Let $A$ be a bi-immune set, that is, an immune set whose complement is also immune. An immune set (let's say $A$) is a set of natural numbers (the natural numbers include 0) such that: i. $A$ is infinite, and ii. for every infinite r.e. set $B$, $B$ $\cap$ $\overline A$ $\ne$ $\emptyset$.
Question: Are the finite subsets of bi-immune sets 'random', and if so, what is the proper notion of 'randomness' for such finite sets?
List all the infinite r.e. sets as $E_n$ $(n\in\mathbb N)$. Define $A$ to be the set $\{a_n:n\in\mathbb N\}$, where the numbers $a_n$ are defined by induction on $n$ as follows: $a_0$ is the second element of $E_0$. $a_{n+1}$ is the second element $>a_n!!!$ in $E_{n+1}$. Then $A$ is bi-immune, because, for all $n$, $A\cap E_n$ contains $a_n$ while $\overline A\cap E_n$ contains the first element $>a_{n-1}!!!$ in $E_n$ (or, when $n=0$, the first element of $E_0$).
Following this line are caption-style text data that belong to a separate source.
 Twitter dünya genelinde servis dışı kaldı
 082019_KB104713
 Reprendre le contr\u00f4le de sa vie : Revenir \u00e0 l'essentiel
Because of the huge gaps between the $a_n$'s, nothing about this $A$ looks random to me.
Suppose $X$ is bi-immune and $f:\mathbb{N}\rightarrow\mathbb{N}$ is a strictly increasing computable function. Define sets $I_n$ as follows:
$I_0=[0,f(0)]$.
$I_{n+1}=(f(n), f(n+1)]$.
Now let $$X_f=\bigcup_{n\in X}I_n.$$ The set $X_f$ is also bi-immune, but by picking $f$ appropriately we can make $X_f$ look very far from random in any sense I can think of. So not only (per Andreas) can we construct some bi-immune set which is "far from random," we have a uniform procedure for constructing, given any bi-immune set, such an "unrandom" bi-immune set which is very similar to it (e.g. in the same $m$-degree).